§ **SUPPLIED DATA**

____

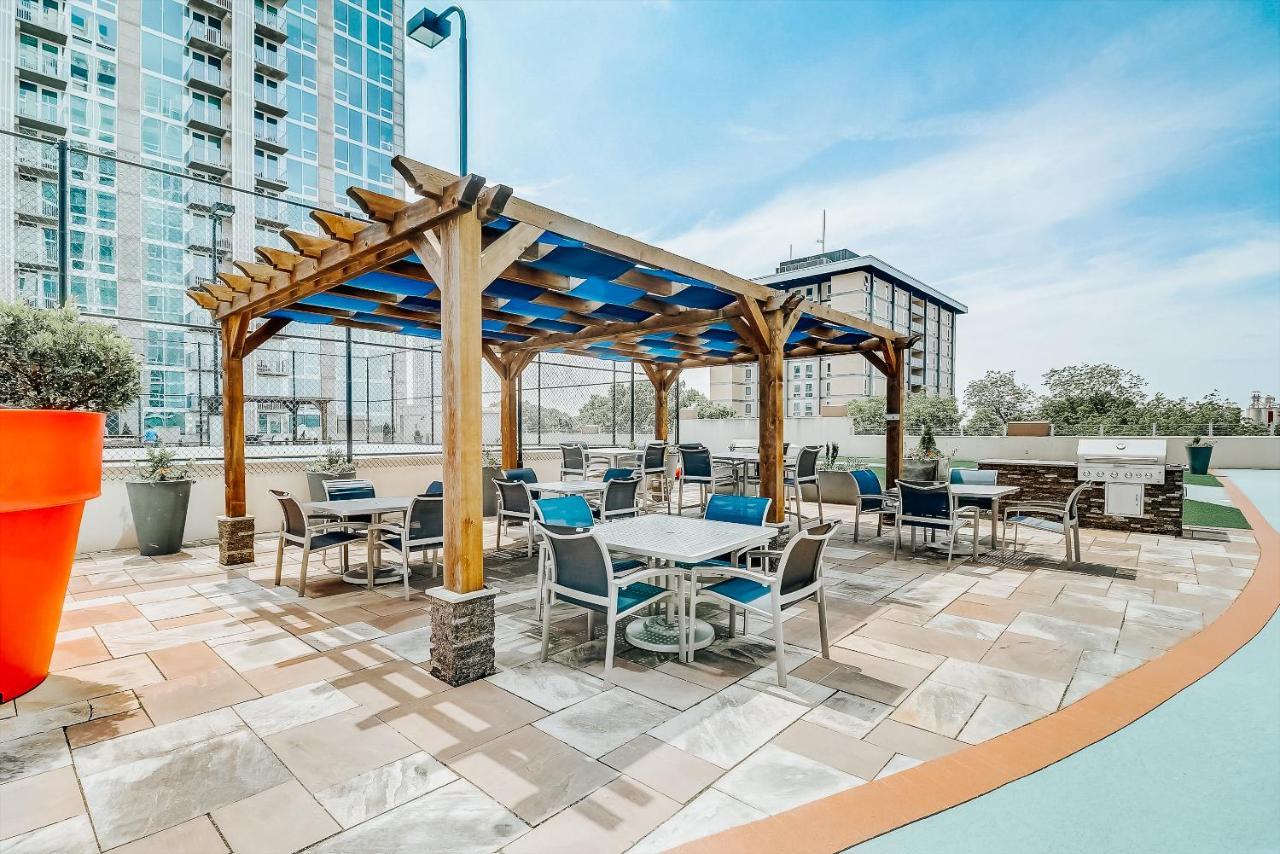Frontdesk Skyhouse Apts Uptown Charlotte Apartamento Exterior foto
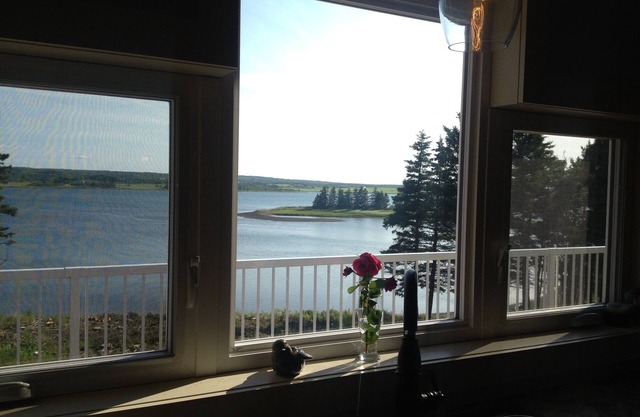 Schöne neue 5 Schlafzimmer Waterfront Home mit über 3000 qm Ft des lebenden Raumes!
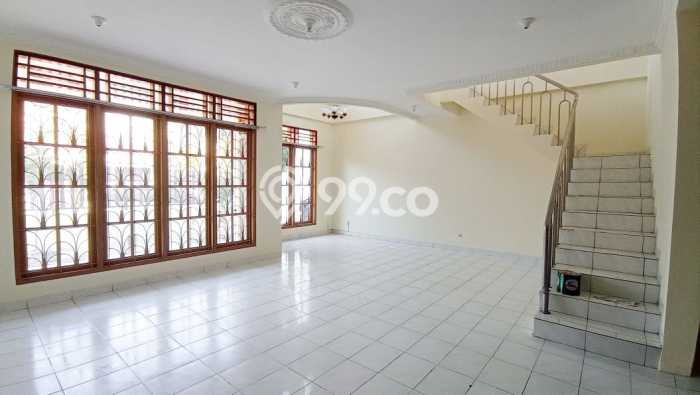 Rumah Kontrakan Jakarta Timur LT 200m2 LB 280m2 Area Pulo Asem Rumah Kontrakan Jakarta Timur LT 200m2 LB 280m2 Area Pulo Asem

____

§ **DIRECTIONS**
Apart from the pictures, all of the data should be repeated exactly.

§ **RESPONSE AREA**
Frontdesk Skyhouse Apts Uptown Charlotte Apartamento Exterior foto
 Schöne neue 5 Schlafzimmer Waterfront Home mit über 3000 qm Ft des lebenden Raumes!
 Rumah Kontrakan Jakarta Timur LT 200m2 LB 280m2 Area Pulo Asem Rumah Kontrakan Jakarta Timur LT 200m2 LB 280m2 Area Pulo Asem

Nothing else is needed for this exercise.